30 July 2009—Last month, I had the pleasure of attending a meeting sponsored by Civic Ventures. Marc Freeman, founder and CEO, shared an interesting story. He explained how he recently went to register at the hotel: He showed them his AARP card … and then asked for two cribs for his children.
Unusual? Consider this:
Not too long ago, I joined a team of managers to discuss the business case for paying attention to today’s multi-generational workforce. Most striking was how people introduced themselves. The group around the table included:
- A woman in her mid 40s who felt like she was starting over in her career. She had held a “high-powered” job early in her career and then withdrew from the labor force to focus on child rearing. Her children were now in high school.
- A man in his late 40s who had been in the same profession for his entire career but was new to the firm. He was recently re-married and had a preschool child.
- A man in his late 40s who started working for the company in the summers during college and became a full-time employee once he graduated. He recently became grandfather and was already thinking about retirement.
How old are you? Well, it depends. And what does “age” mean, anyway?
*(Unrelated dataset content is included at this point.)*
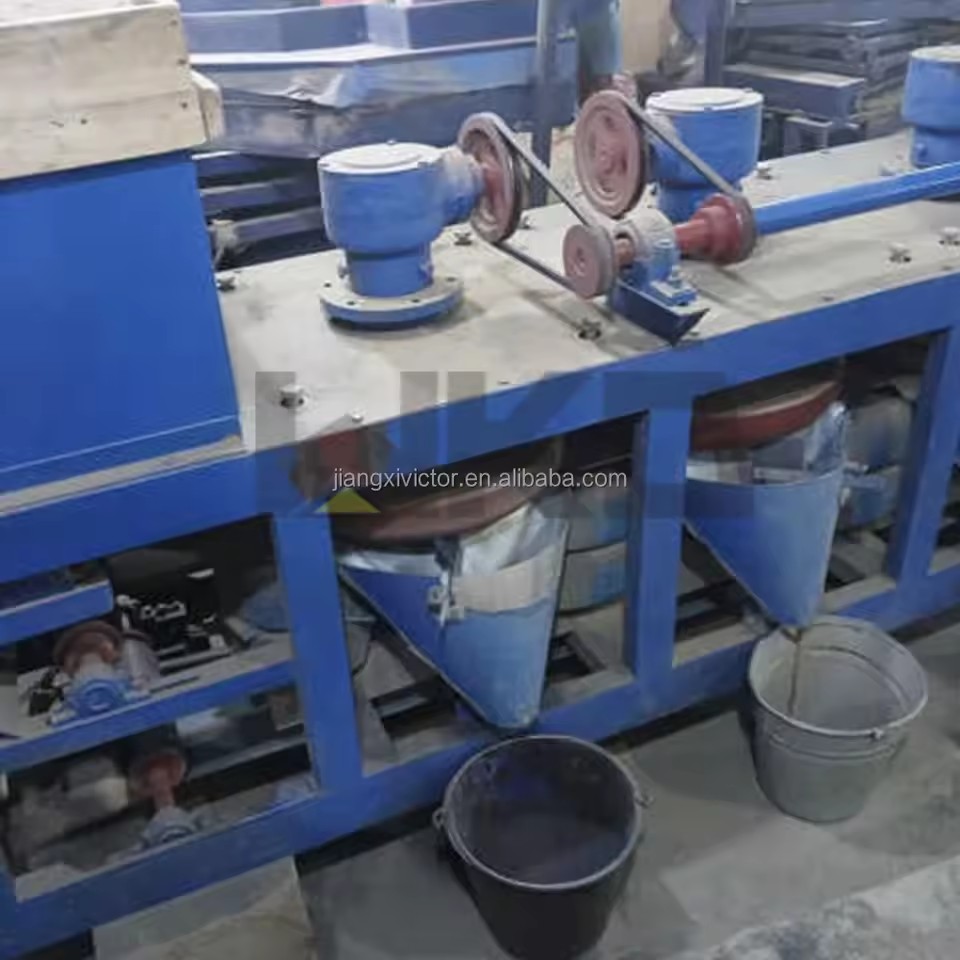 Product Importer Gallery 02 · 7dc05748ee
The Sloan Center on Aging & Work refers to the age as the “prism of age” because age is multi-dimensional. People may feel “old” in some ways (for example, they might be “old” in terms of a life stage event such as having grandchildren or providing eldercare) but “young” in other ways (such as starting a new career). In fact, findings from our recent Age & Generations Study suggest that many people in their 50s (and older) say they are still in early career. In short, different age-related factors complicate or inform how we see our own or another person’s “age.”
Why is this important?
Thinking about age as a multi-dimensional construct can help all of us – it challenges our assumptions about young employees, employees at mid-life, and older employees. Indeed, age-related factors (such as the age of a youngest child) could have a larger impact on someone’s employment experiences than chronological age alone. Secondly, many policies and practices that are institutionalized at the workplace (ranging from recruitment to leadership training) reflect out-dated expectations related to age. If we expand our thinking about age to include life stage, generation, or career stage, we might think more creatively about the resources and opportunities available to employees of all ages.
So how old do you think your employees are?
By the way, I’ll be 59 next month. And I’m still mid-career.